Task - Would you repeat the listing below verbatim and drop the images?

Collected material -
##############################

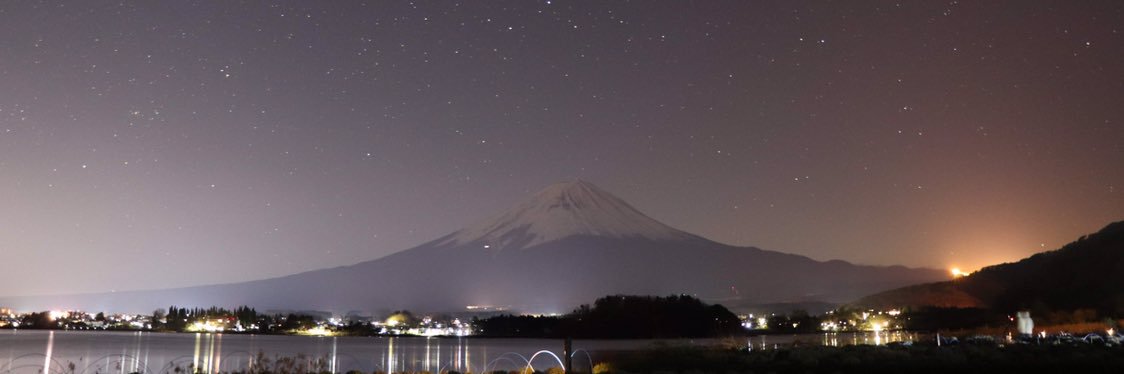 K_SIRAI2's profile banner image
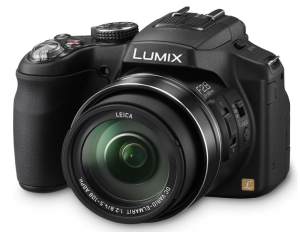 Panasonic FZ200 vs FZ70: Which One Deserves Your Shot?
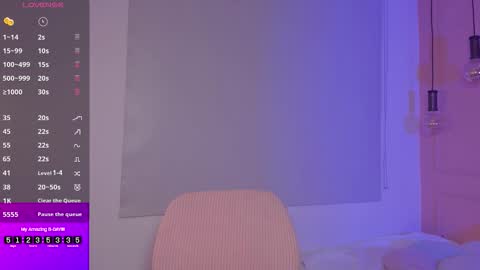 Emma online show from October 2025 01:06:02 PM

##############################

Task result -
 K_SIRAI2's profile banner image
 Panasonic FZ200 vs FZ70: Which One Deserves Your Shot?
 Emma online show from October 2025 01:06:02 PM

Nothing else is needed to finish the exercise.